Top watchdog vows to take tougher line against officials violating regulations
More than 29,000 people were subject to Party discipline and government regulations during the first 11 months of last year as the country's anti-graft campaign picked up steam.
A total of 29,011 were involved in more than 32,000 cases that contravened the eight-point regulations aimed at practicing austerity among Party members and bringing the Party closer to the masses.
The figures were announced on the website of the Central Commission for Discipline Inspection, the county's top anti-corruption body.
In 2014, a total of 23,646 people were reprimanded in 53,085 cases.
In contrast, the number of senior Party officials found to have committed misconduct in 2015 increased.
Eight officials at provincial or ministerial level, 441 city-level and 3,818 county-level officials were punished in the first 11 months of last year.

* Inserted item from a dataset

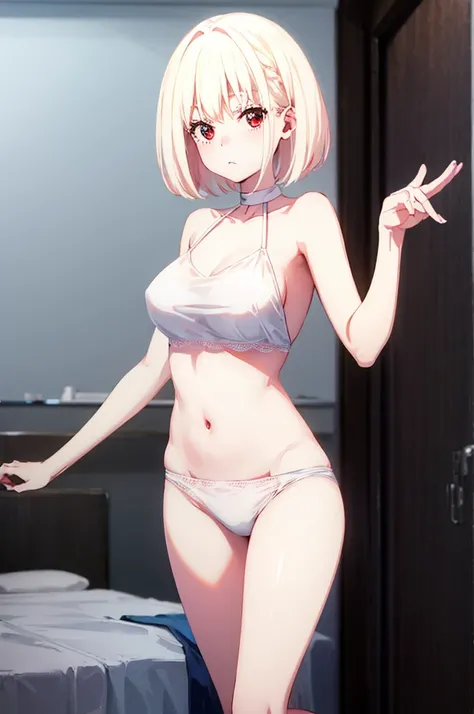 short hair、Light cream colored hair、Pale red eyes、On the bed、Blushing、M-shaped legs、Random pose、Looks like she&#39;s about to cum、Glamorous expression、Blushing、Red underwear、Cute underwear、Undressing、、Bedroom、On the bed、M-shaped legs、Random pose,Show your ...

The figures for officials at the three levels for the whole of 2014 were two, 198 and 2,630, respectively.
The number of officials at and above county level punished from January to November last year rose by 51 percent year-on-year.
The commission pledged to take a tougher line against officials who violate the eight-point regulations and to make "ceaseless efforts" to root out bureaucracy, extravagance and undesirable work practices.
Nationwide in the first 11 months of last year, 1,818 cases involved the use of public money for meals and overseas trips, accepting gifts and money in contravention of Party rules, and holding extravagant wedding and funeral receptions.
The anti-graft body warned that such violations could go "underground", and listed examples of misbehavior.
Some officials ate in canteens at their workplaces without paying and some asked companies to foot the bill for their meals, the commission said.
It added that some officials used public money for tourism after saying they were holding meetings and developing research projects. Others accepted gift cards through middlemen.
Sixty-four officials from State-owned enterprises administered by central authorities had been investigated by the end of November, the commission said on Monday. They are largely from firms in the energy, communication, transportation and machine manufacturing sectors.